CombineBatches
Merges variants across multiple batches. Variant merging uses similar methods and criteria as in ClusterBatch, but in addition requires samples genotyped as non-reference to match sufficiently.
The following diagram illustrates the recommended invocation order:
Inputs
All array inputs of batch data must match in order. For example, the order of the batches
array should match that of
pesr_vcfs
, depth_vcfs
, etc.
cohort_name
Cohort name. The guidelines outlined in the sample ID requirements section apply here.
batches
Array of batch identifiers. Should match the name used in GatherBatchEvidence. Order must match that of depth_vcfs.
Optional merge_vcfs
Default: false
. If true, merge contig-sharded VCFs into one genome-wide VCF. This may be used for convenience but cannot be used with
downstream workflows.
pesr_vcfs
Array of genotyped depth caller variants for all batches, generated in GenotypeBatch.
depth_vcfs
Array of re-genotyped depth caller variants for all batches, generated in RegenotypeCNVs.
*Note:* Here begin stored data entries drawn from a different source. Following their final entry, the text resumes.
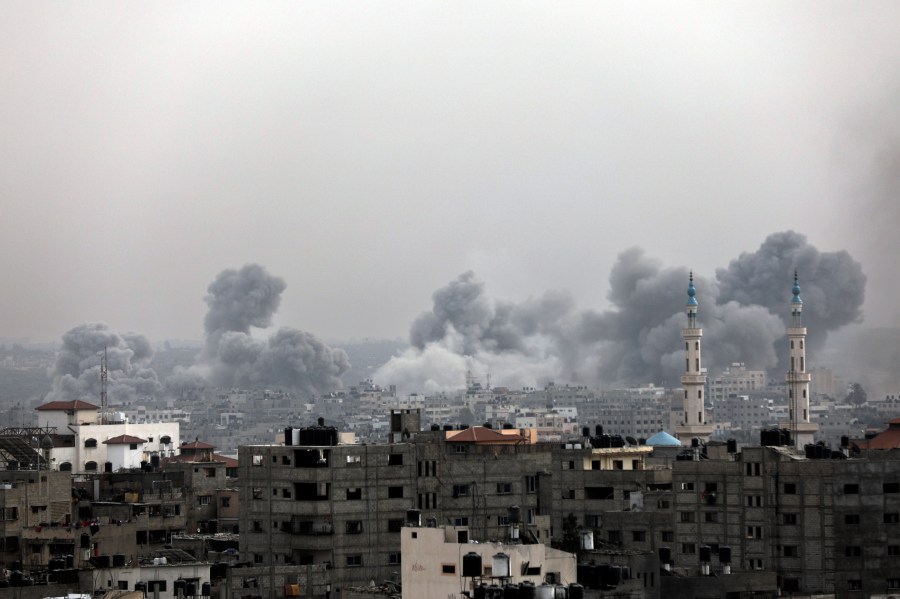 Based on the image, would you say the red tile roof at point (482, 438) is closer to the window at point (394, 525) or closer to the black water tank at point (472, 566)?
the window at point (394, 525)

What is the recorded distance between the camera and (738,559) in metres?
49.2

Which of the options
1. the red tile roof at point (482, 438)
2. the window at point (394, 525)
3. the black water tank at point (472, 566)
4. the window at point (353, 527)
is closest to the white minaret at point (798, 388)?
the red tile roof at point (482, 438)

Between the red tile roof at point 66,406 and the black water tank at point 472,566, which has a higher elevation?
the red tile roof at point 66,406

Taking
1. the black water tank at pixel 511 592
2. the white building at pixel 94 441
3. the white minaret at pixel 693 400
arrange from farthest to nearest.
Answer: the white minaret at pixel 693 400
the white building at pixel 94 441
the black water tank at pixel 511 592

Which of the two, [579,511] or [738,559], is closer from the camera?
[738,559]

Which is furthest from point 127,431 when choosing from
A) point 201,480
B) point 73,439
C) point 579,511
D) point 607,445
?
point 579,511

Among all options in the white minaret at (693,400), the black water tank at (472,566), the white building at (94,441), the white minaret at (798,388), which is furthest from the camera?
the white minaret at (798,388)

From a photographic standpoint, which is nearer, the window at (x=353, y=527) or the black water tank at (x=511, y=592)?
the black water tank at (x=511, y=592)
raw_sr_bothside_pass_files
Array of variant lists with bothside SR support for all batches, generated in GenotypeBatch.
raw_sr_background_fail_files
Array of variant lists with low SR signal-to-noise ratio for all batches, generated in GenotypeBatch.
localize_shard_size
Shard size for parallel computations. Decreasing this parameter may help reduce run time.
min_sr_background_fail_batches
Threshold fraction of batches with high SR background for a given variant required in order to assign this
HIGH_SR_BACKGROUND
flag. Most users should leave this at the default value.
Optional use_hail
Default: false
. Use Hail for VCF concatenation. This should only be used for projects with over 50k samples. If enabled, the
gcs_project must also be provided. Does not work on Terra.
Optional gcs_project
Google Cloud project ID. Required only if enabling use_hail.
Outputs
combined_vcfs
Array of contig-sharded VCFs of combined PE/SR and depth calls.
cluster_bothside_pass_lists
Array of contig-sharded bothside SR support variant lists.
cluster_background_fail_lists
Array of contig-sharded high SR background variant lists.
combine_batches_merged_vcf
Genome-wide VCF of combined PE/SR and depth calls. Only generated if using merge_vcfs.